A couple of weeks ago I was starting to pack for a weekend away in Rhode Island when Vladimir Dinets posted that Northern Right Whale Dolphins were back – in big numbers – in Monterey Bay. This was very exciting. Not only were Northern Right Whale Dolphins one of my 21 most wanted species in the world …. I just have a thing for them, OK… but my mammal life list was at 1499 and I wanted my 1500th tick to be something more charismatic than a rodent.
I spent Thursday night wondering how good my chances of finding the dolphins were: they had been seen at the start of the week, but not since. By Friday lunchtime I could no longer resist. I abandoned Rhode Island, found an award ticket to San Francisco and was on my way to the airport four hours later.
Mid-April through mid-May is a great time to see Killer Whales in Monterey, when Bigg’s (Transient) Killer Whales often come into the bay to hunt migrating Grey Whale calves. Monterey Bay Whale Watch run some days trips during this period which are specifically aimed at spending time with the Orcas. The extra time at sea also, of course, increases the chances of seeing a range of marine mammals.
Nancy Black, Monterey Bay Whale Watch’s founder, was at the wheel on Saturday morning. As always we passed heaps of California Sealions as we left the harbour.
They were interspersed with occasional Sea Otters.
It wasn’t long before we found our first Humpbacks (we must have gone on to see 50 that day). But while we were stopped to look at them I spotted a large pod of distant dolphins, which Nancy was happy to chase.
The pod was huge and stretched well over half a mile: Nancy later estimated it might have comprised up to 4000 animals. Although most were Pacific White-sided Dolphins, I was pretty sure I saw could see a few Northern Right-Whale Dolphins further back. I nervously waited for a sighting I could claim as a 100% certainty and it took a good twenty minutes before I was satisfied.

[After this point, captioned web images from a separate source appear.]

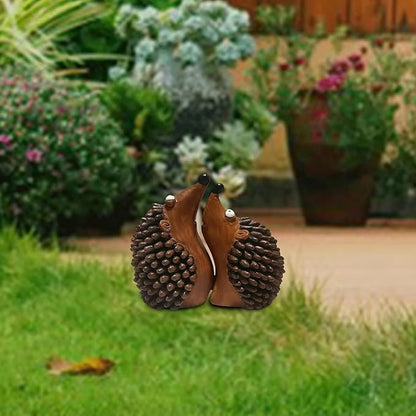 Garden Statues 1Pair Couple Hedgehog Statues Cute Resin Animals Figurines Sculptures Garden for Yard Landscape Plant Pots Craft Wedding Yard Ornaments Decor
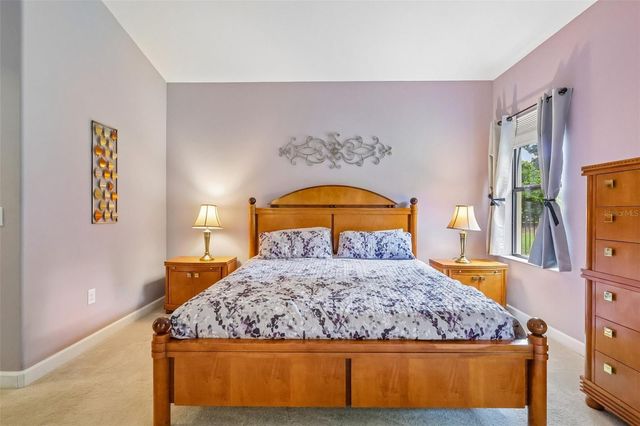 8976 DOVE VALLEY WAY, Davenport, FL 33896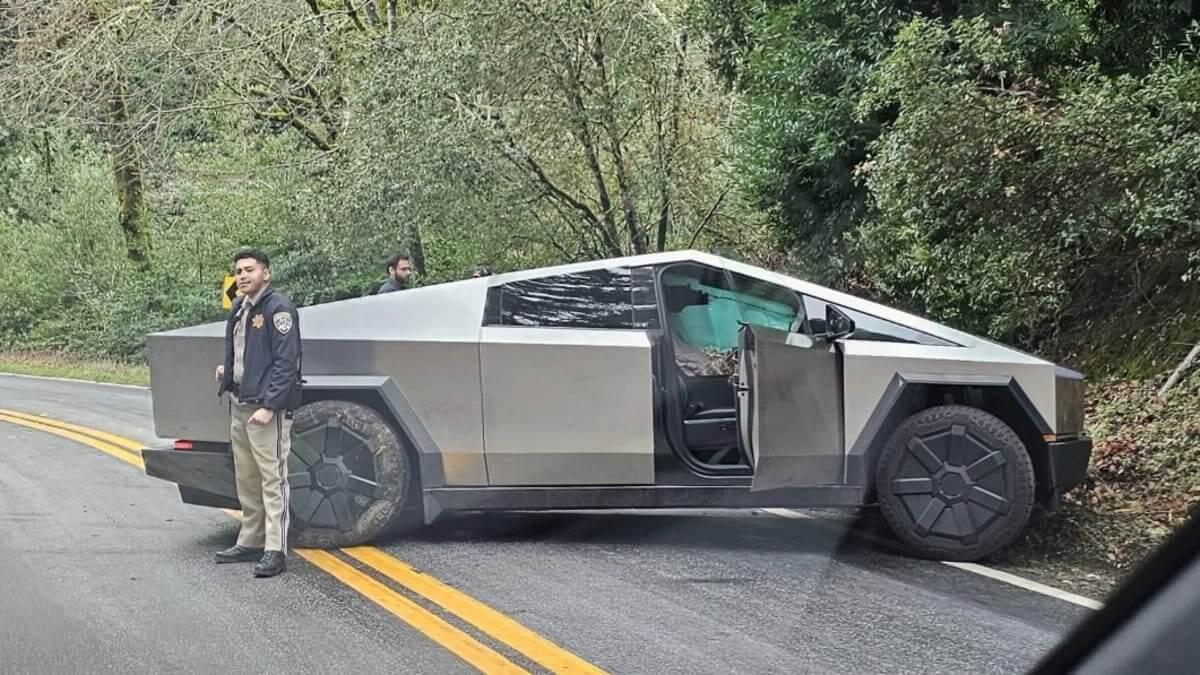 Tesla Cybertruck Endures Its First Public Road Incident Against a Toyota Corolla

Both species were extremely photogenic and active. And although there were a few Right-Whale Dolphins towards the front of the pod, we had much better views of many more animals later on when we got to the back of the pod.
I couldn’t complain about teh quality of my 1500th mammal, or the quality of the sighting, even if my number 1500 is a bit of a fluid milestone, given the likelihood in future of splits, lumps and mistaken IDs of things I have already seen. Here is a bit of video I took on my phone which gives a better idea of how great a moment this was.
Nancy was also excited to see this rare – anomalous – Pacific White-sided Dolphin, that was more White than White-sided.
Elated, we carried on in search of Killer Whales, record numbers of which had gathered in the bay over the past week. An hour later we found a group of 20 and spent the afternoon following them. Bigg’s (Transient) Killer Whales patrol the west coast of North America. They are specialist marine mammal hunters and will turn out most probably to be a different species to the inshore – primarily fish eating – Killer Whales of Vancouver Island.
Just fabulous. I think Nancy would have stayed out until dark with the whales, but some of the passengers had others plans to we headed back to the wharf, stopping for 20 minutes to watch a mother and calf Humpback having some fun tail-slapping.
We got in about 7 p.m. A wonderful day at sea!
But the day wasn’t over. Venkat Sankar – who was super helpful all weekend giving me real-time info on where to find various rodents – recommended I could look for California Pocket Mice and Narrow-faced Kangaroo Rats up the Carmel Valley. I was too lazy to spotlight, but did set a few traps in chapparal right next to the Carmel Valley road, near the junction with Tassajara Road. This turned out to be a great area for small mammals. The next morning, my 20 traps contained 11 animals from five species.
A couple of Brush Mice.
A couple of California Mice.
Three California Pocket Mice, a lifer for me.
A Big-eared Woodrat.
And what I later realised was a Pinyon Mouse, and another lifer. If its ears had been sticking up straight I think I could have identified it straight away.
Before flying back to New York I took a spotlight stroll around the wonderful Pinnacles National Park, primarily looking for Narrow-faced Kangaroo Rats. I didn’t find any of them but did get a brief look – but no photos – of my first Dusky Footed Woodrat, in Bear Gulch Cave, not far from the reservoir.
Driving the Panoche Road didn’t produce a great deal other than some Heerman’s Kangaroo Rats and my first Bryant’s Woodrat (not Desert as I initially thought – thanks Venkat Sankar).
I also saw Blacktailed Jackrabbits, Desert Cottontails, San Joaquin Antelope Squirrels and California Ground Squirrels, but not the San Joaquin Pocket Mice or Grasshopper Mice I was hoping for.
A very big thanks to Venkat Sankar for answering all of my many questions instantaneously over the weekend, to Vladimir Dinets for alerting this blog to the activity in the bay, and also to Nancy Black at Monterey Bay Whale Watch for some of the best cetacean watching ever. Way to go California!